=== Section Start ===

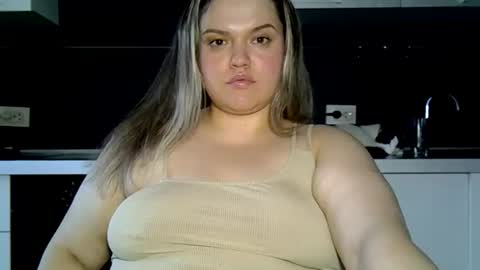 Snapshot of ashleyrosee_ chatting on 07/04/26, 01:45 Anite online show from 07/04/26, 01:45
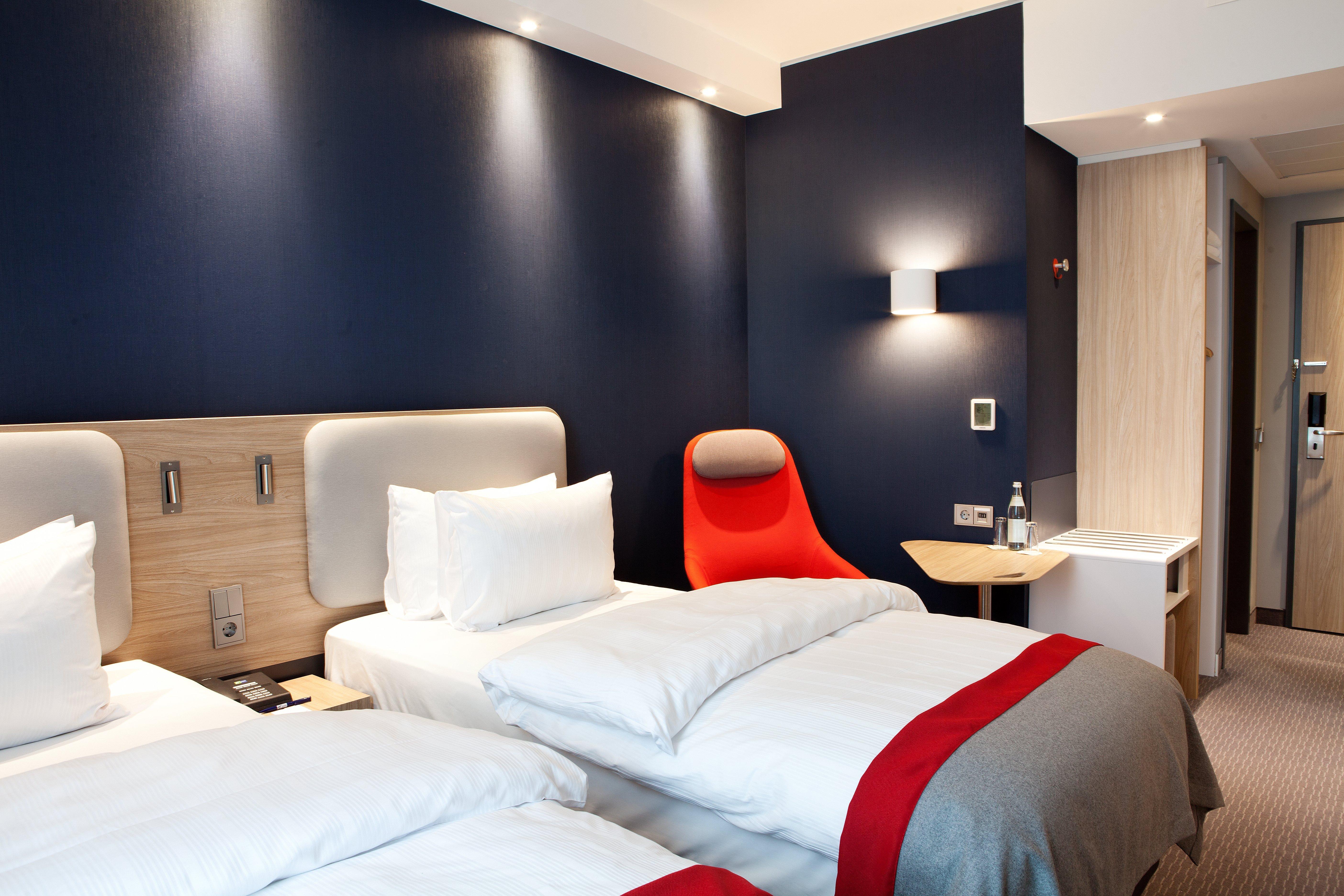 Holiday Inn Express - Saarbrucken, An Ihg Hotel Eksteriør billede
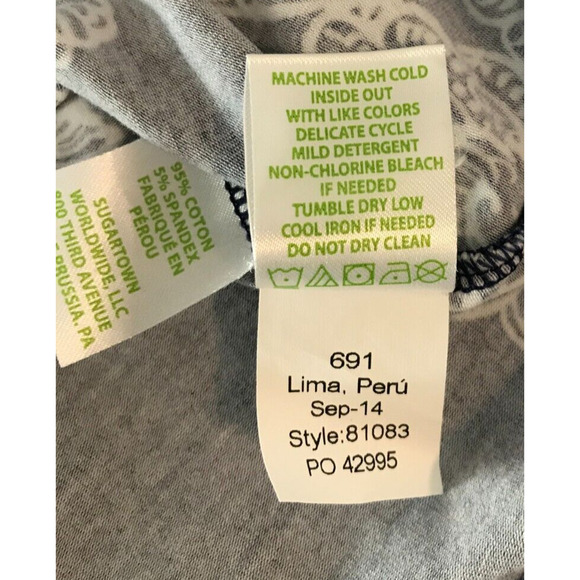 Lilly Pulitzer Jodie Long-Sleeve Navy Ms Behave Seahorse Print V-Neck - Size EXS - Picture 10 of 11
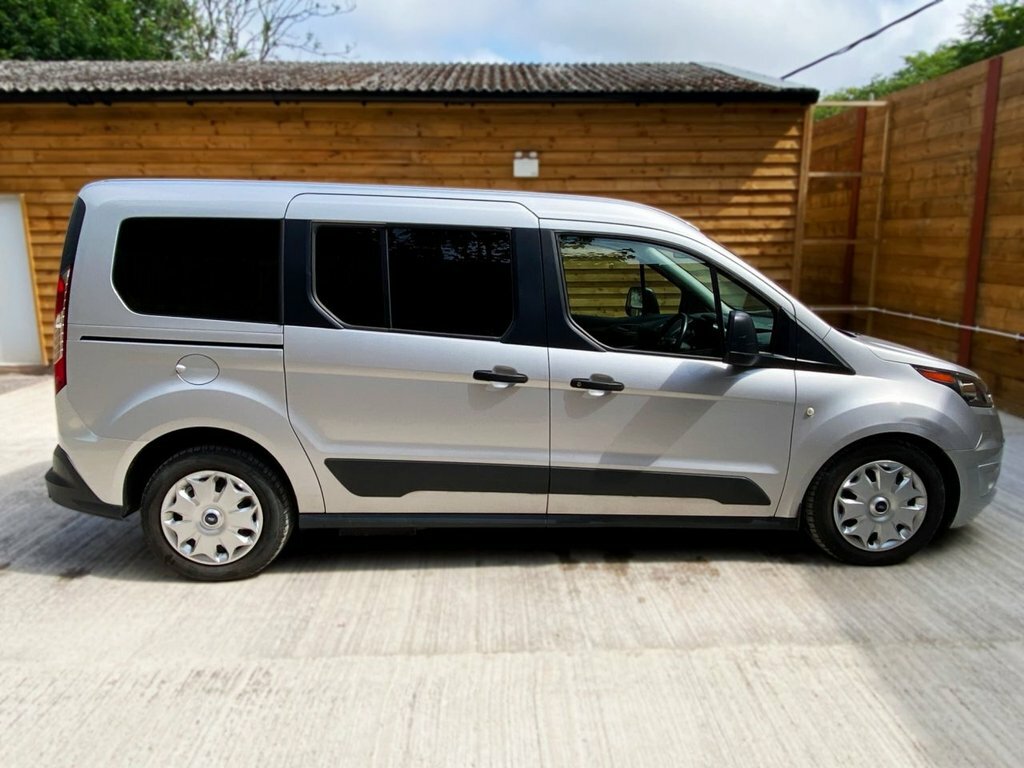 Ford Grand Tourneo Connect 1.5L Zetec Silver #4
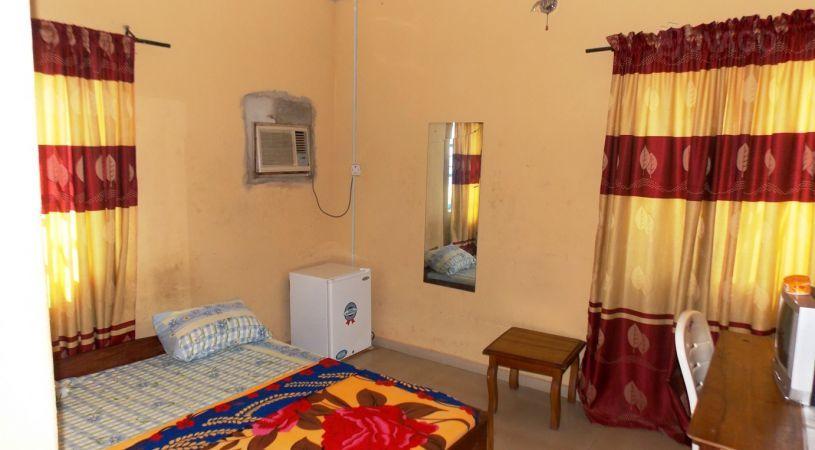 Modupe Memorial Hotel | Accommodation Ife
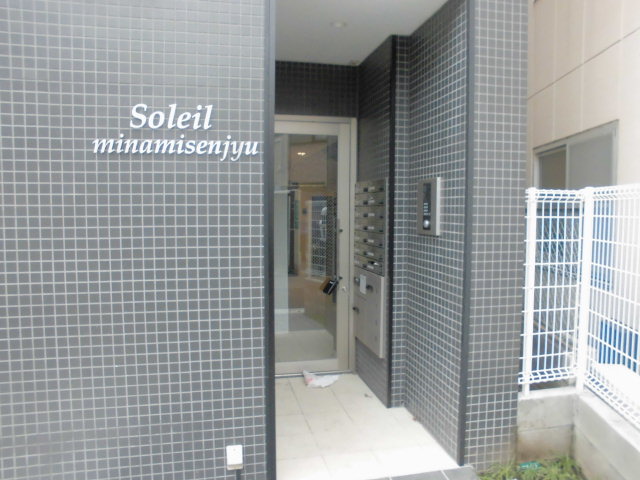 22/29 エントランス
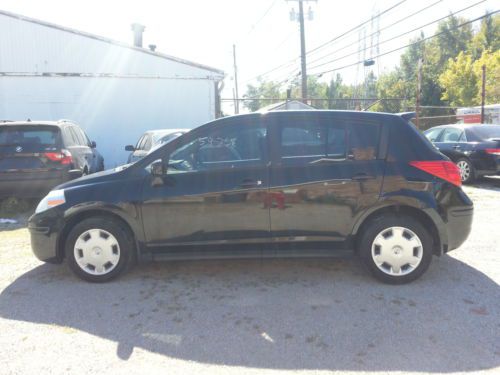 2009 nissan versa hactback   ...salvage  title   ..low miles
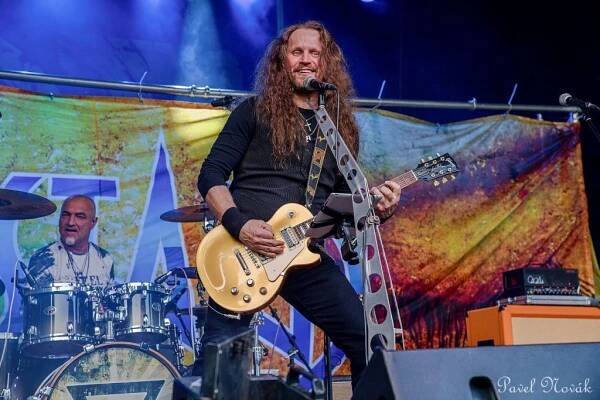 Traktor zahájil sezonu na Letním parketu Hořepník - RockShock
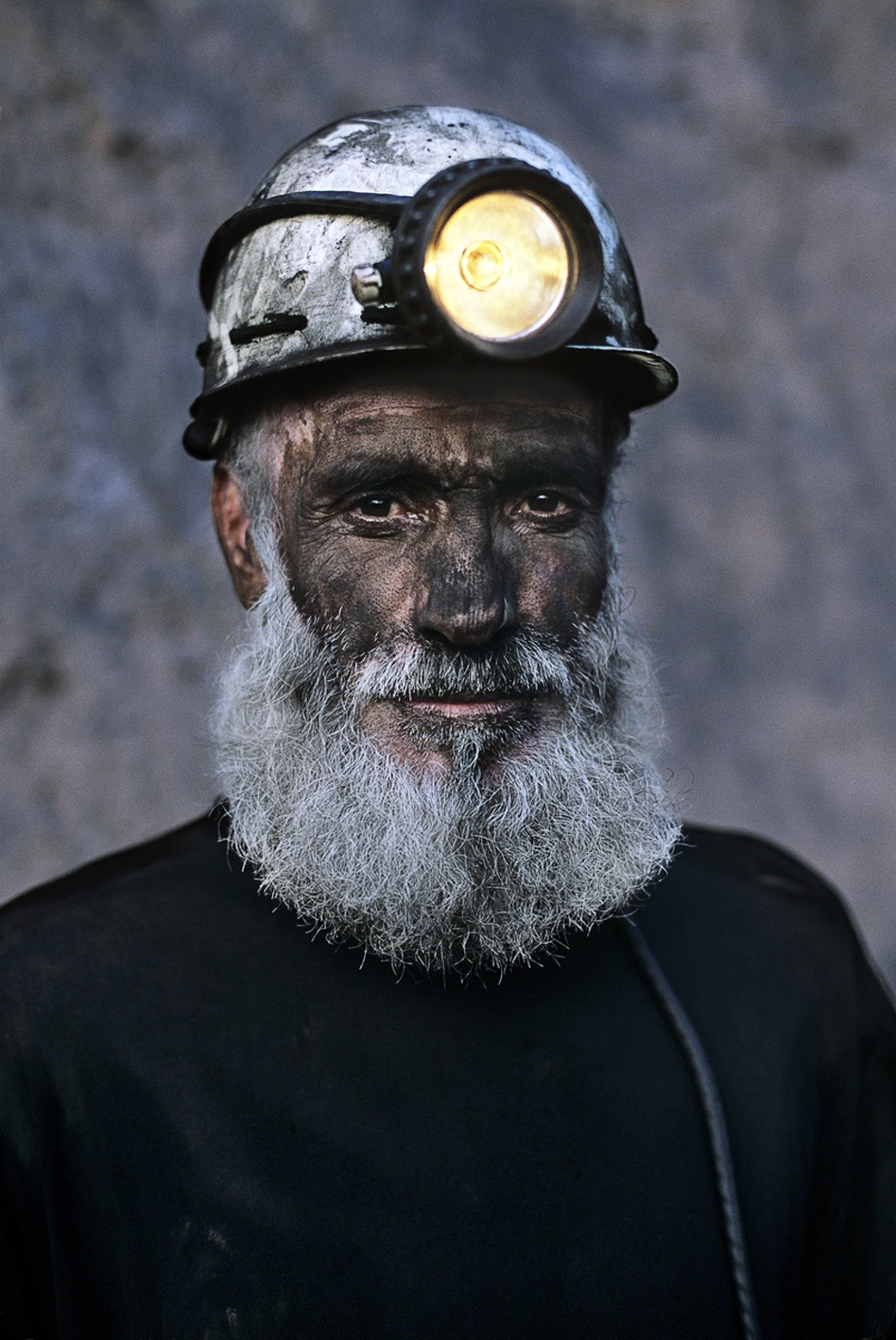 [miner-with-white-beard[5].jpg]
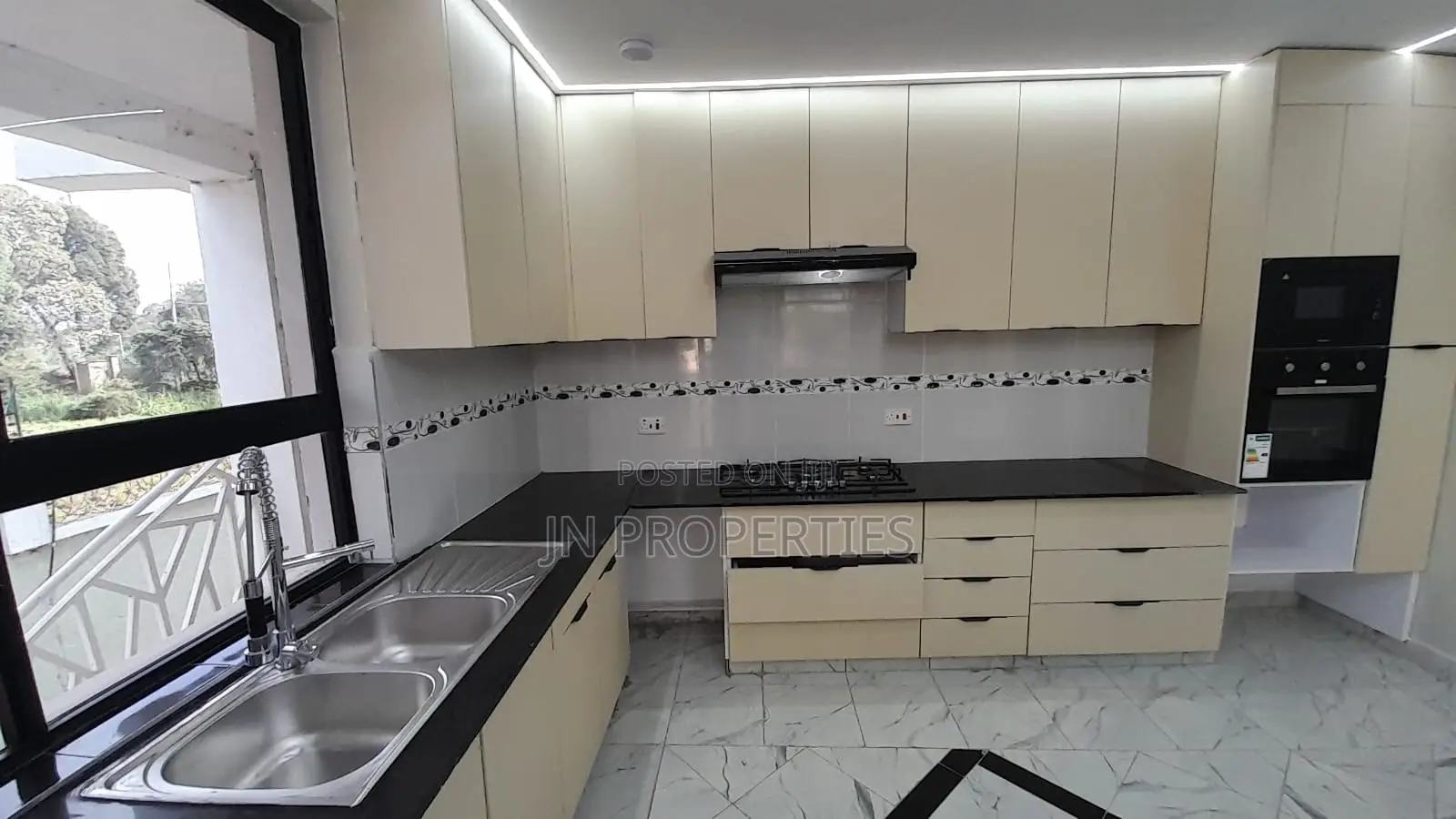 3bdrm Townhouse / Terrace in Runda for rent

=== Section End ===

Write out exactly, and nothing more than, the lines of the entries above from the line containing "2009 nissan versa" through the final line; omit any pictures.

 2009 nissan versa hactback   ...salvage  title   ..low miles
 Traktor zahájil sezonu na Letním parketu Hořepník - RockShock
 [miner-with-white-beard[5].jpg]
 3bdrm Townhouse / Terrace in Runda for rent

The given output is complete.